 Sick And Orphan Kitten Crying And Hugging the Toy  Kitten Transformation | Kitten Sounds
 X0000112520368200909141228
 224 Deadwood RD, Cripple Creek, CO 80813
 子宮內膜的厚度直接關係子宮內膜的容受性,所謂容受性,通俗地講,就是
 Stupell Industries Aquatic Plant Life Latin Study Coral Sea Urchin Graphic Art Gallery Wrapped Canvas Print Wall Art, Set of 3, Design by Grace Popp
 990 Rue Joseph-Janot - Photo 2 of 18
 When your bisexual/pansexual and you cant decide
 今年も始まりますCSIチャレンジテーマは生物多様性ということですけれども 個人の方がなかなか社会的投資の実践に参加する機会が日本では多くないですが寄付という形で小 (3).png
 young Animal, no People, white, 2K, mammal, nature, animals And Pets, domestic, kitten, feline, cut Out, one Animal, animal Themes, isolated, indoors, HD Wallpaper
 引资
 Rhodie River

_What you are asked to do:_
Word for word, write out the data.

_Result:_
 Sick And Orphan Kitten Crying And Hugging the Toy  Kitten Transformation | Kitten Sounds
 X0000112520368200909141228
 224 Deadwood RD, Cripple Creek, CO 80813
 子宮內膜的厚度直接關係子宮內膜的容受性,所謂容受性,通俗地講,就是
 Stupell Industries Aquatic Plant Life Latin Study Coral Sea Urchin Graphic Art Gallery Wrapped Canvas Print Wall Art, Set of 3, Design by Grace Popp
 990 Rue Joseph-Janot - Photo 2 of 18
 When your bisexual/pansexual and you cant decide
 今年も始まりますCSIチャレンジテーマは生物多様性ということですけれども 個人の方がなかなか社会的投資の実践に参加する機会が日本では多くないですが寄付という形で小 (3).png
 young Animal, no People, white, 2K, mammal, nature, animals And Pets, domestic, kitten, feline, cut Out, one Animal, animal Themes, isolated, indoors, HD Wallpaper
 引资
 Rhodie River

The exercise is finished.